Weighted inner product of functions

Question

I am facing difficulty understanding the requirement of the weighted inner product. As per my understanding, the inner or dot product is just the projection of one vector onto another and also gives the angle between them for vector spaces, or it is the integral of the product of two arbitrary functions continuous and differentiable within the interval (a,b) for the function spaces. And analogically I can relate the meaning of orthogonality of functions with the vectors when the integral is zero.$$<f,g>=\int_a^b f(x)g(x)dx$$

But why do we need the integral of the form $$I=\int_a^b w(x)f(x)g(x)dx$$for the inner product of the functions? As per my understanding, I think of it as something similar to the weighted integral statement in Finite Element Analysis where we provide weight to one function (i.e. scale the function values at different 'x' with w(x) ) and then integrate.

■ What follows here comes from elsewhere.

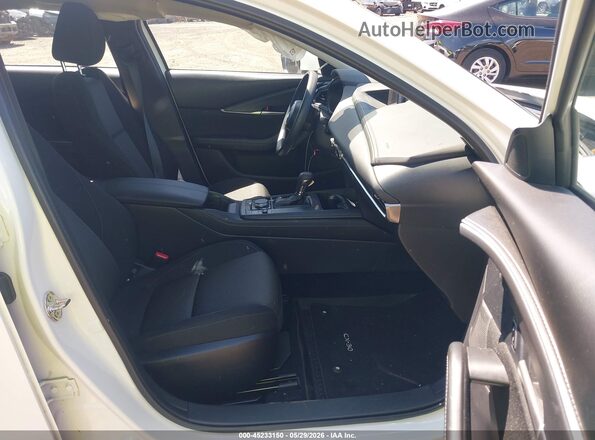 3MVDMBAM9RM668651 2024 MAZDA CX-30 White Vista interior delantera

But neither am I able to interpret the meaning of the weighted inner product physically nor do I understand why the former inner product is not enough that we needed to define weighted inner product? Any help would be appreciated.

Also,let's say that the functions f(x) and g(x) are orthogonal with respect to weight function w(x) i.e. integral$$I=0$$then f(x) and g(x) are not actually orthogonal (or linearly independent if I speak in analogy with orthogonal eigenvector) right? Then how and why can we express any function as the linear combination of f & g which are orthogonal with respect to w(x) only? Why does f and g still form a basis?

Answer 1

The weight function has large values for those $x$ which are significant for the application you have in mind. Taking $x$ to be "frequency" for example, you might want to determine how similar two signals with spectra (fourier transform) $f$ and $g$ are, but your application requires that for some region of $[a,b]$ the similarity is more important and should be weighted higher. Say the importance is decaying as you move away from a certain point $c.$ Then you might use $$ \frac{\int_{a}^b w(x) f(x) g(x) \,dx}{\int_{a}^b w(x) \,dx} $$ with $w(x)$ (say) being defined as $$ w(x)=e^{-k|x-c|},\quad k>0. $$

Answer 2

Okay, I think I see. I can roughly explain how this fits in with the idea of inner product of functions. The idea is that, suppose we have a vector space and choose a basis $\{e_i\}$ then the dot product of two functions depend on the inner product matrix:

$$ v \cdot w= (v^1 e_1 +v^2 e_2 ) \cdot (w^1 e_1 + w^2 e_) = w^1 v^1 e_1 \cdot e_1 + w^2 v^2 e_2 \cdot e_2 + w^1 \cdot v^2 e_1 \cdot e_2 + w^2 \cdot v^1 e_2 \cdot e_1$$

Typically in Euclidean space, we choose $e_1 \cdot e_1 = e_2 \cdot e_1 = 1$ and $e_2 \cdot e_1 = e_1 \cdot e_2 = 0$

In matrix notation,

$$ v \cdot w = v^t M w$$

Where $M$ is inner product matrix, but how is this consistent with the abstract axiomatic definition of inner product space? A function of two vectors is an inner product only if such a matrix (with some additional properties) actually exist. See here.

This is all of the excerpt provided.